- [Your objective]: Copy the closing run of lines, from the one with "Very Good ( Rank" through the last line of the listing, exactly and without any pictures.

[[ Input for this task, beginning ]]

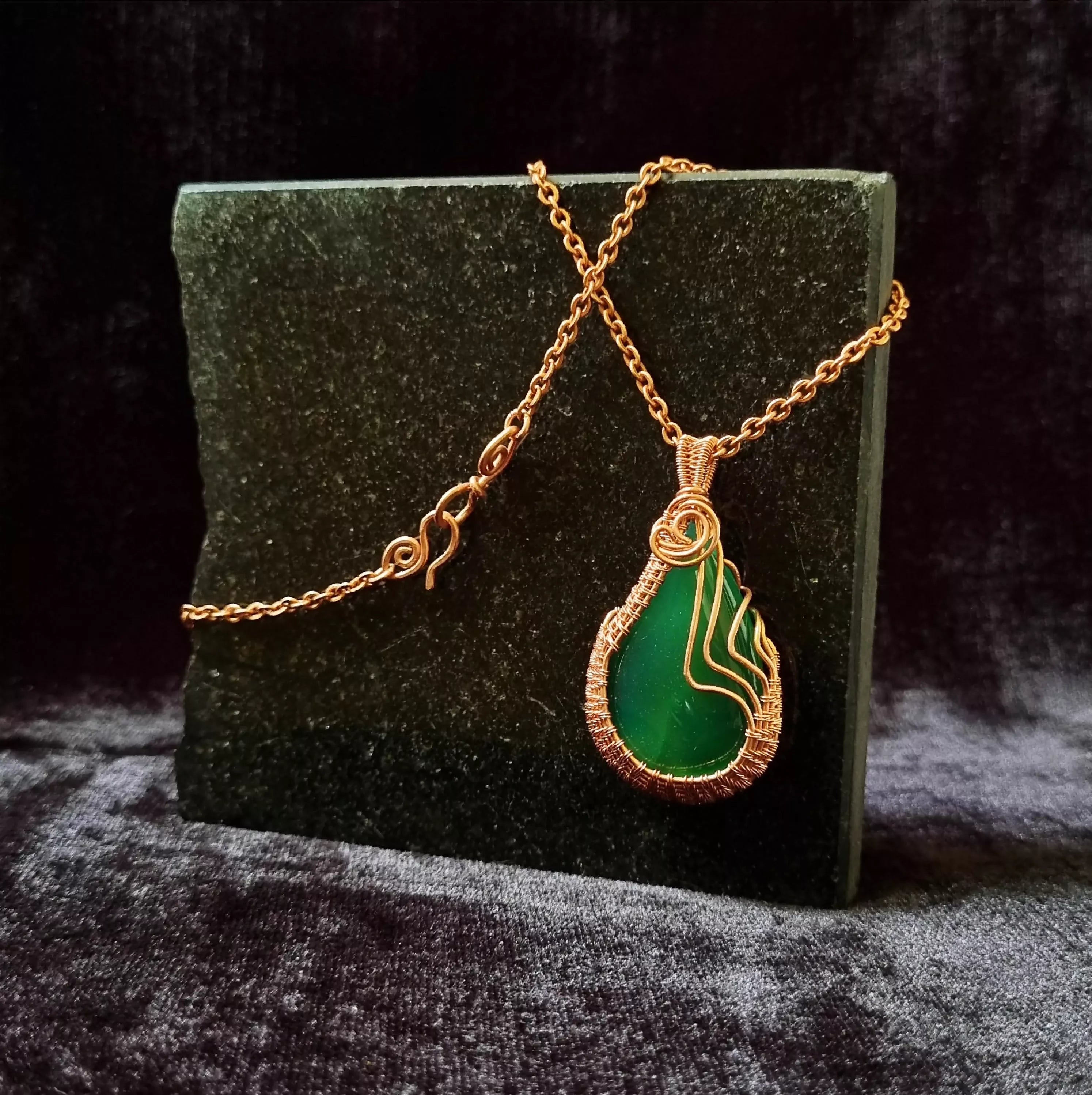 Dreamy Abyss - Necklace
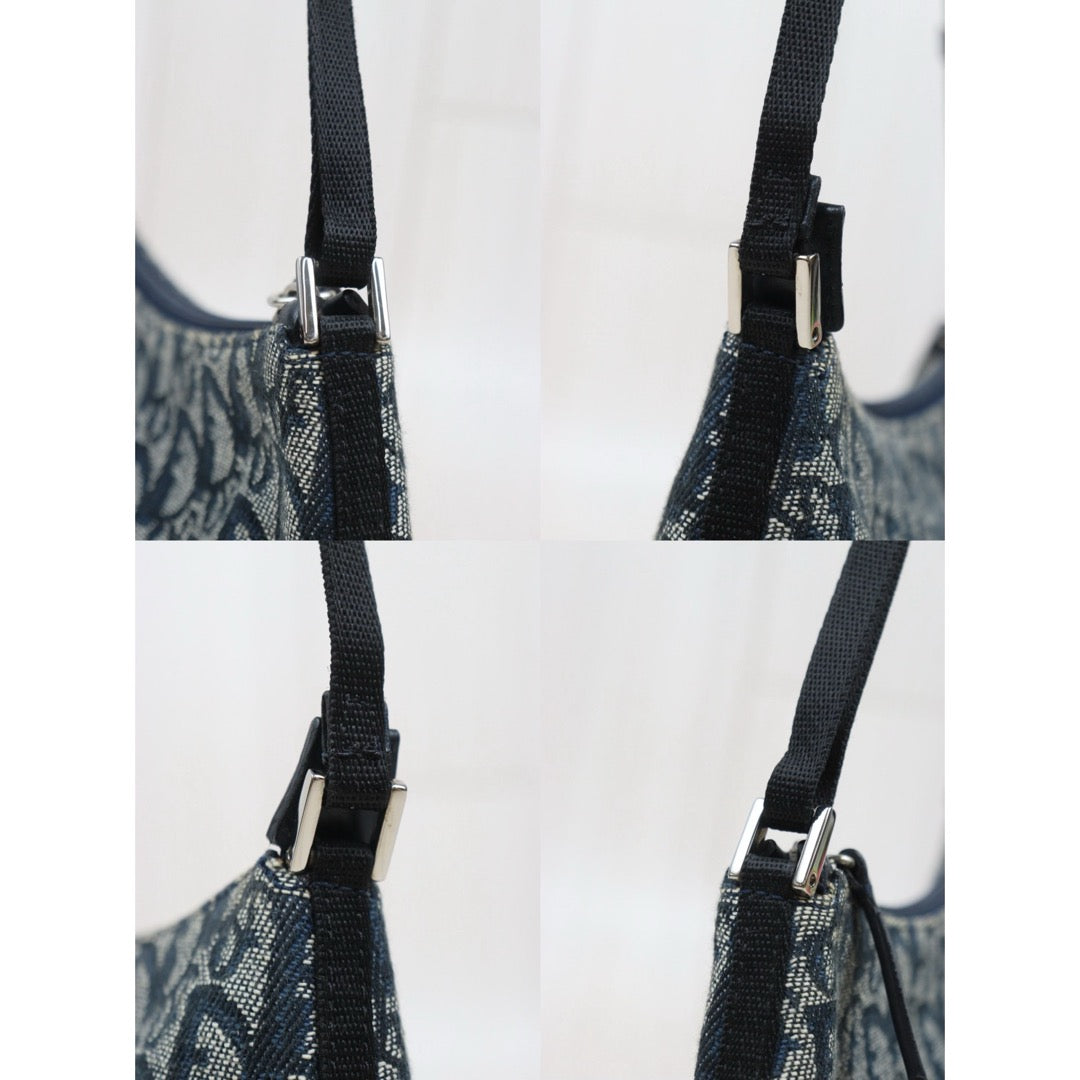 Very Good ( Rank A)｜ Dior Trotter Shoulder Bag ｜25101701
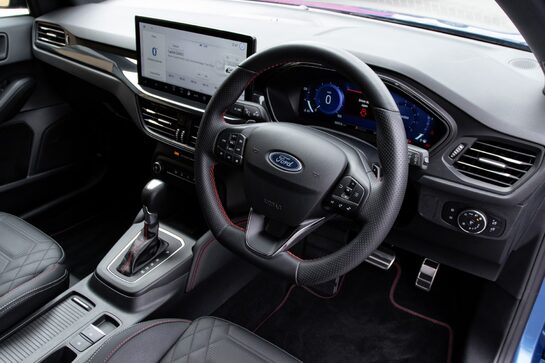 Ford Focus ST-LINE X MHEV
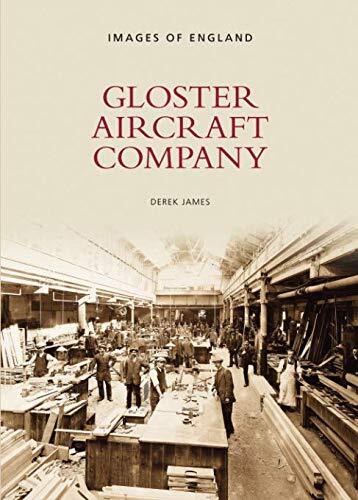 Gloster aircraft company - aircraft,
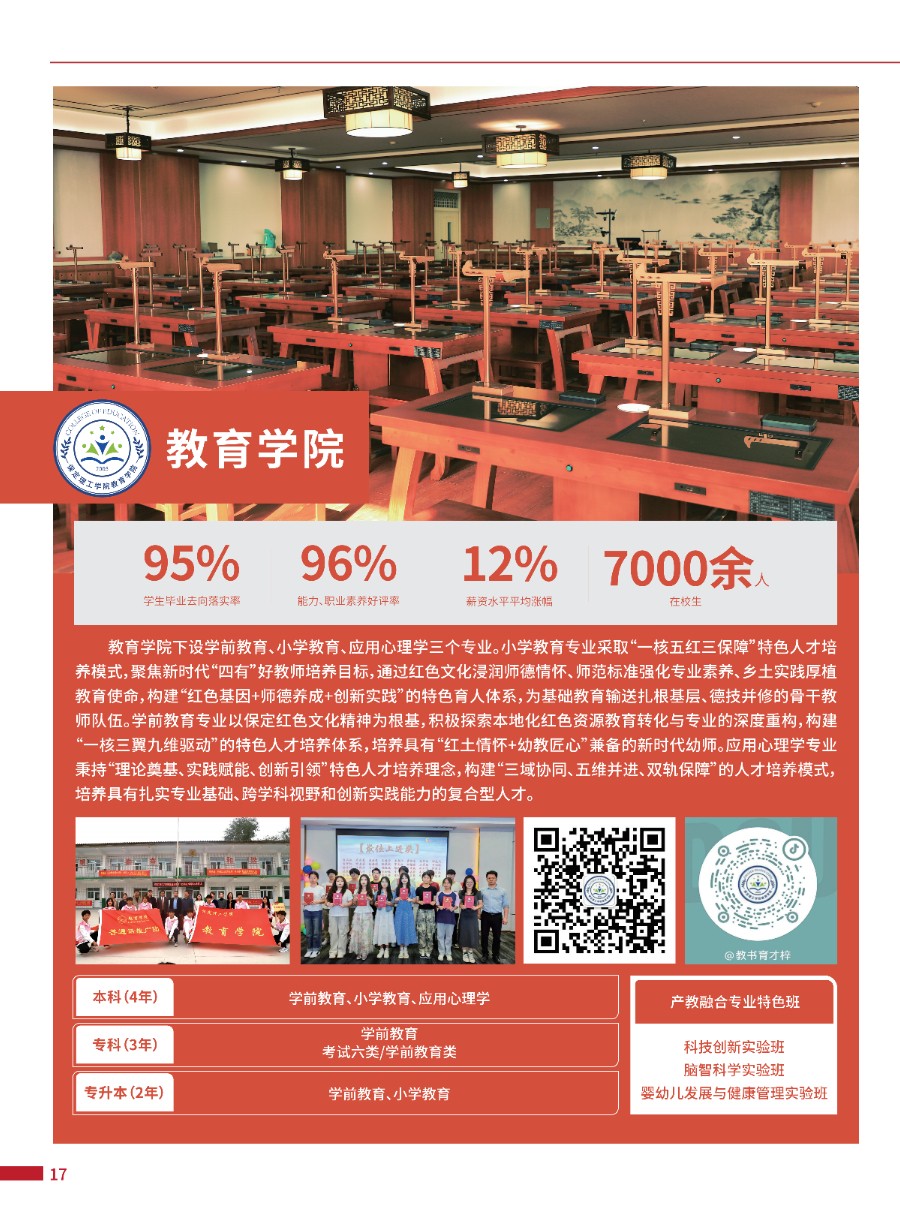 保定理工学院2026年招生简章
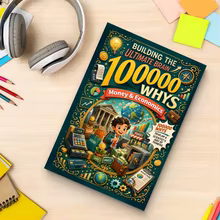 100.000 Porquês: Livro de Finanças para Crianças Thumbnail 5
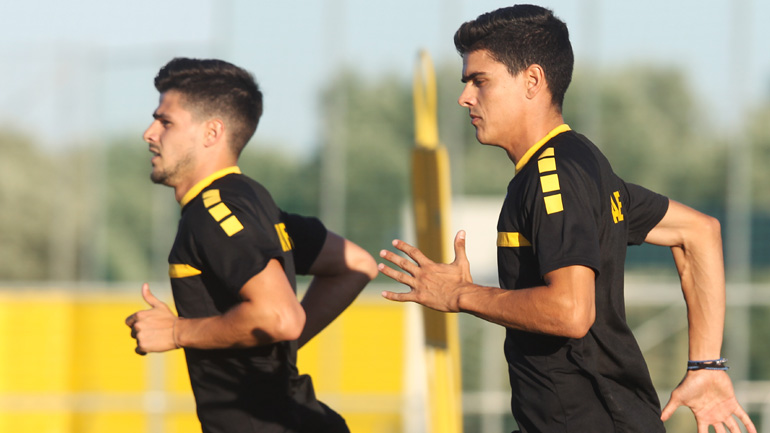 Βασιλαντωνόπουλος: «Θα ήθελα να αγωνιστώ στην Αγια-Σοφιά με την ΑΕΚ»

[[ Input for this task, end ]]

- [Written reply]:
 Very Good ( Rank A)｜ Dior Trotter Shoulder Bag ｜25101701
 Ford Focus ST-LINE X MHEV
 Gloster aircraft company - aircraft,
 保定理工学院2026年招生简章
 100.000 Porquês: Livro de Finanças para Crianças Thumbnail 5
 Βασιλαντωνόπουλος: «Θα ήθελα να αγωνιστώ στην Αγια-Σοφιά με την ΑΕΚ»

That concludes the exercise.